Diez años tras aquella infame alborada de Junio debe afirmarse, sin vacilar, que la madurez de la población de Honduras, particularmente en su componente de relación política, es más alta que nunca. Pues con todo y lo deformada que echaba a andar la novata democracia florecida en 1982, jamás había acontecido que una sola de las fuerzas desde antaño contendientes ––liberalidad y conservadurismo–– se impusiera sobre la otra más allá de un período presidencial o por la fuerza bruta y directa, cosa que el pueblo contempló y condenó.

Los golpes de Estado, que los castrenses convirtieron en medio expedito para emparejar la disparidad de sus ambiciones, prácticamente desapareció de la escena social y, mal que bien, la alternancia partidarista mantuvo sus flujos y reflujos dentro del cauce de la ignorancia ––y la ingenuidad–– ciudadanas. Hasta que 2009 introdujo un elemento hasta entonces apenas sospechado, el de que para la reacción fanática y cachureca no hay límites cuando se trata de capturar y asegurar el poder, algo que bien sabía el prócer Francisco Morazán.

Suma lección. Como en una agenda de la historia por venir, desde 2008 empezó a desenvolverse toda una trama pútrida jamás antes vista.

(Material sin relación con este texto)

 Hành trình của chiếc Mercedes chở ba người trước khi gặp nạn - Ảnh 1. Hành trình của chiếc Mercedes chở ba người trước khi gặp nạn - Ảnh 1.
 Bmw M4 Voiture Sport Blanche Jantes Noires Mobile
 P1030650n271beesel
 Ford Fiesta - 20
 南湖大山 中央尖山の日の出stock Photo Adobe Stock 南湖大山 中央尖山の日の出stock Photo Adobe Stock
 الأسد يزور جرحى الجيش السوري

Azules y rojos prostituyeron al congreso (con ciertos zancudos solidarios), pero como el ejecutivo de Manuel Zelaya evitó sancionar el presupuesto gubernamental del año, donde se escondía una monstruosa partida de mil millones para la próxima campaña electorera liberal, no habiendo posibilidad de proceder por ley se acudió a la defenestración, lo que destapó la caja de Pandora.

Pues viendo los nacionalistas que los liberales se golpeaban a ellos mismos, y que eran igual de corruptos, maquinaron ocupar el mando “para siempre”. Recuérdese la fórmula de propaganda: cincuenta años de poder, que comenzaron con la destrucción de la autonomía de la Corte Suprema e inmensos fraudes. Condiciones que en vez de alienar a la población la despertaron.

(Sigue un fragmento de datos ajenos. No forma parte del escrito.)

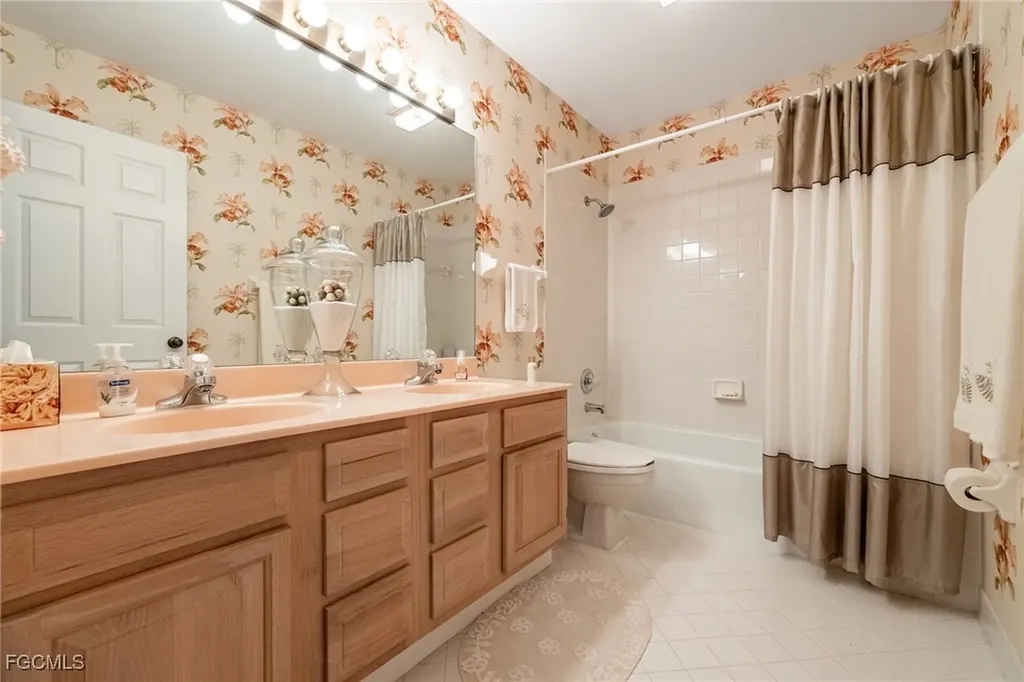 108 Ridgewood Avenue Clewiston FL 33440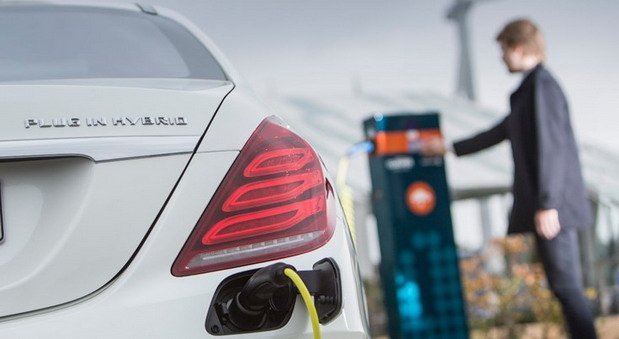 mercedes plug in.jpg, 43 KB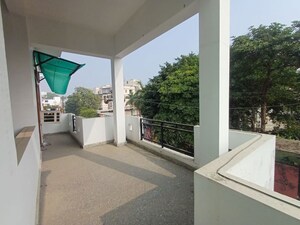Balcony in 2 BHK Apartment at Gomti Nagar – for Rent
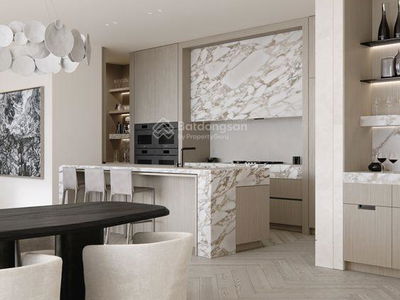 Sunrise City, Vietnam Sunrise City, Vietnam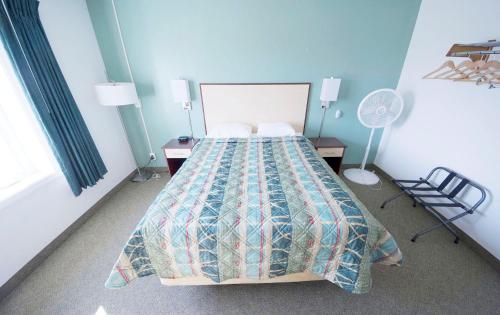 Una cama o camas en una habitación de Rewak Studios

Hoy no existe hondureño que no conozca lo que ocurre al cierre de esta mala década sucia, experiencia que se llama educación política. Son tan monstruosos los casos de corrupción, desde el presidente hasta bajos funcionarios, que es imposible ocultarlos. Y de la misma forma el narco financiamiento de hombres de gobierno, de empresa privada e incluso religiosos; la malversación y el nepotismo, el autoritarismo y la traición, defectos que identifican al tejido conjuntivo de una dictadura.

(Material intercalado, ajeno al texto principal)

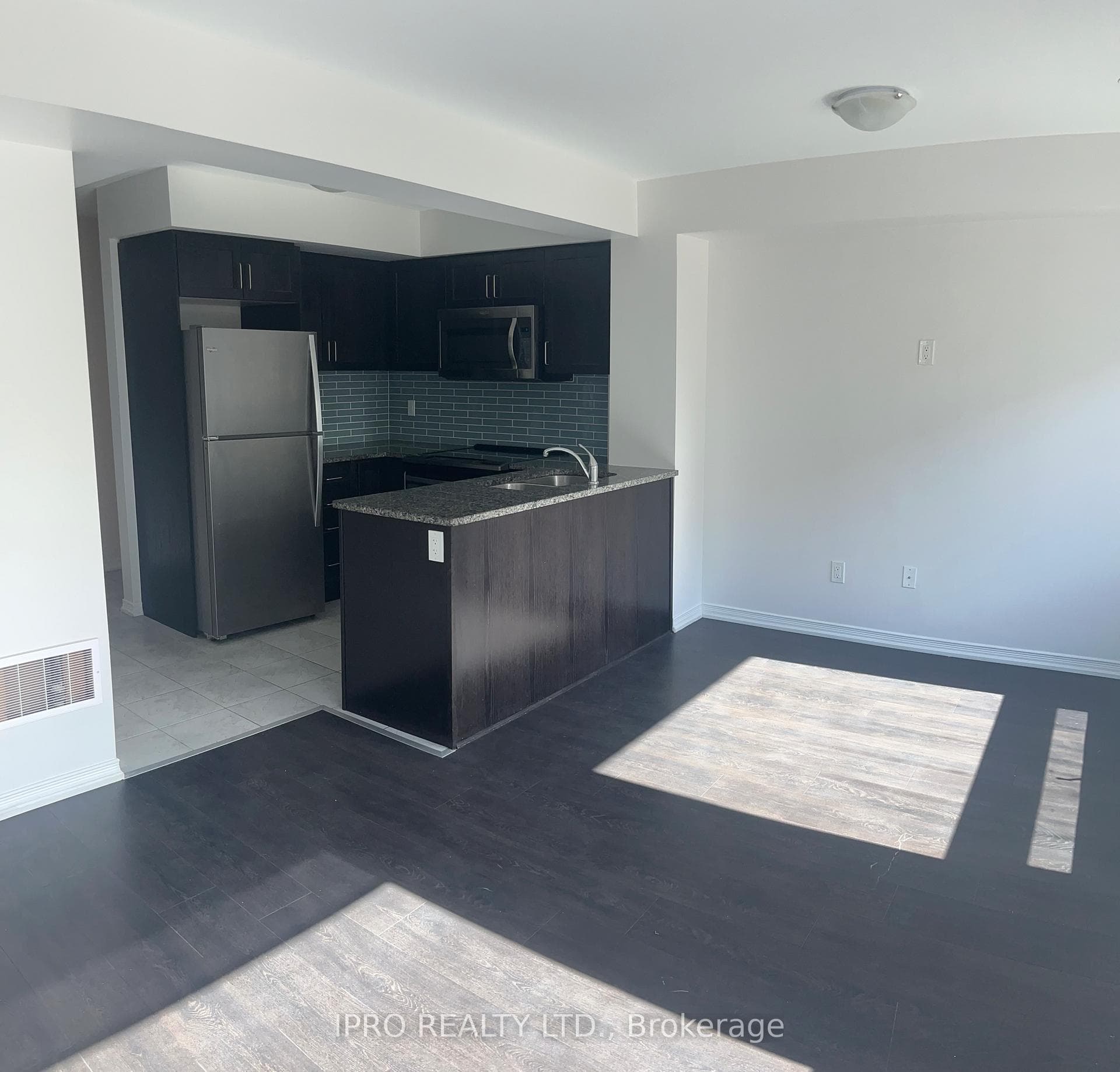 7 Applewood Lane Unit 231 photo 9
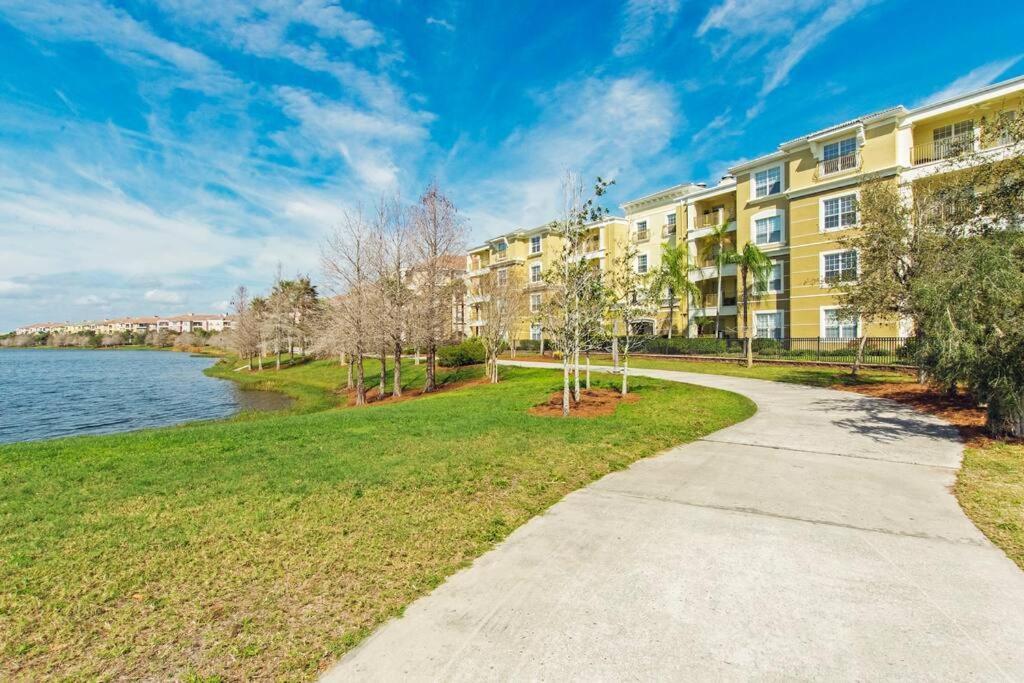 Vista Cay Luxury Loft Apartment Orlando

Con todo, dos son los actores más perjudicados por su sometimiento a la más imperdonable conducta anti ética del decenio: nacionalistas y militares. De los primeros no hay nada más que probar pues fueron protagonistas y cómplices. La fuerza armada se reveló ––por su servitud, mercenarismo y represión contra el ciudadano que ejerce el derecho a protestar–– como el ente y agente menos confiable de todos, así como ingrato, ya que cobra sueldo por matar a su empoderante. Si un día se instala una asamblea constituyente originaria no hay duda alguna de que la primera resolución abundantemente aclamada será la de suprimir a estos verdugos gratuitos que marchan contra la historia, la democracia y la civilización. Dios, si existe, maldice a las armas vueltas contra su creador.